With the impending Honda-Nissan merger, the big question is what kind of cars will the joined companies build? If an example from the Tokyo Auto Salon is any indication, we are all for it. At first glance it might not be clear what this fenderless creation is, but the Twin Dragon is powered by two engines, a Nissan SR20 and a Honda K20A, making a combined 1,050 horsepower.
The Twin Dragon is the creation of a shop called Circuit & Dreams CLR based in Tochigi Prefecture. The butterfly doors give away the base car underneath, a Toyota Sera. Other than its distinctive glass bubble canopy, there is little to suggest that a Sera lies underneath.
But rather than use any of Toyota’s well-known fours, the CLR opted for a two rival engines that will soon be under the same corporate roof, each nestled in a tube frame. Up front is a transverse Nissan SR20VET from a first-gen Nissan XTrail up front, making 550 turbocharged horses. The rear wheels are powered a transverse Honda K20A from the second-gen Integra (RSX) Type R, generating 500 horsepower.
Each engine has its own cooling system, as well as its own Honda 6-speed transmission. However, both engines are controlled by a single accelerator pedal and, shockingly, a single clutch pedal.
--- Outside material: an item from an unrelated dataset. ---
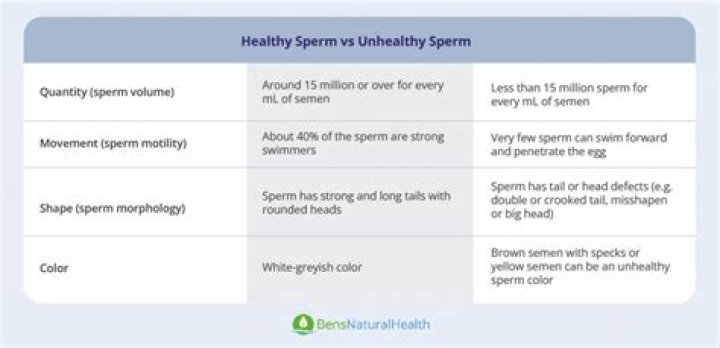 Is thick sperm a good sperm?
The system is old school mechanical, with no electronics to modulate different engine speeds.
The owner described the Sera in a Best Car interview as “primitive” and “very heavy” and admitted that “it is a car full of dreams and romance”. For now the owners are enjoying drifting it around closed circuits. One day, they hope to obtain street legal registration for it, but the ultimate dream is to take it up Pikes Peak.
It’s likely not very usable, but the Sera is the type of crazy build that the Tokyo Auto Salon conjures up. Circuit & Dreams CLR is a rural small shop, the kind all the mechanics are gearheads and who you just know go drifting in nearby mountains at night. Hopefully the real Honda-Nissan merger will produce something as passionate as the Twin Dragon.
Images: CLR
That is an amazingly weird and cool build, probably in order to save a Sera shell that had was rotting, so why not keep the cool looking bits and fab everything else?
The “it is a car full and romance” made me have a double-take so I went to read the article, and the translation must have been corrected since it now reads “is a car full of dreams and romance”. It makes more sense but it loses the engrish vibe.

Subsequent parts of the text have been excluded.